### RECORDED INFORMATION

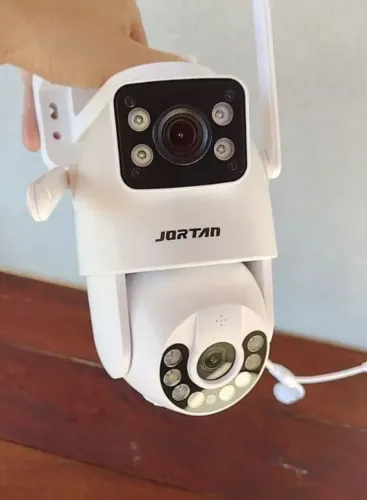 Câmera De Segurança a Prova de água Lente Dupla IP66 Camera IP WiFi 360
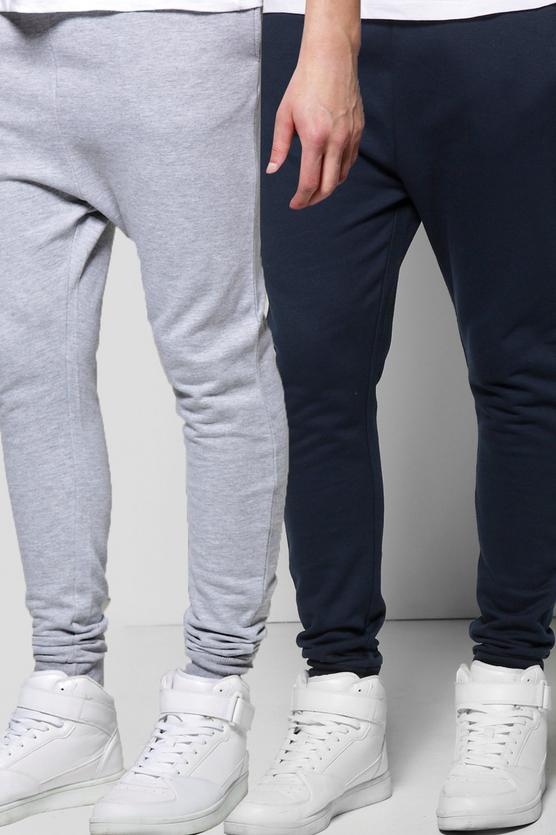 2 Pack Skinny Joggers &#40;3 months - 5 years&#41;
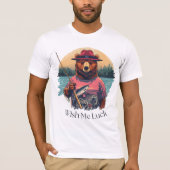 ベアークルーと釣りに行く Tシャツ (正面)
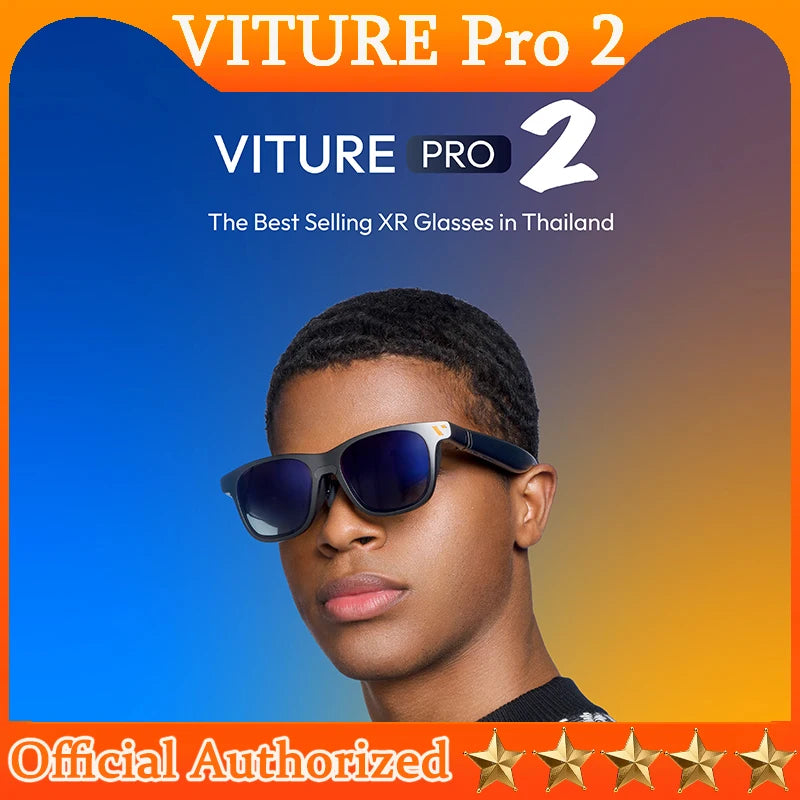Bestselling Model!VITURE Pro 2 XR Glasses - UltraClarity 3.0, Myopia Adjustment, Ultralight 63g, Officially Genuine Guaranteed!!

### PROBLEM DESCRIPTION
The answer must be the full listing retyped exactly, with no pictures in it.

### ANSWER TO THIS TASK
 Câmera De Segurança a Prova de água Lente Dupla IP66 Camera IP WiFi 360
 2 Pack Skinny Joggers &#40;3 months - 5 years&#41;
 ベアークルーと釣りに行く Tシャツ (正面)
Bestselling Model!VITURE Pro 2 XR Glasses - UltraClarity 3.0, Myopia Adjustment, Ultralight 63g, Officially Genuine Guaranteed!!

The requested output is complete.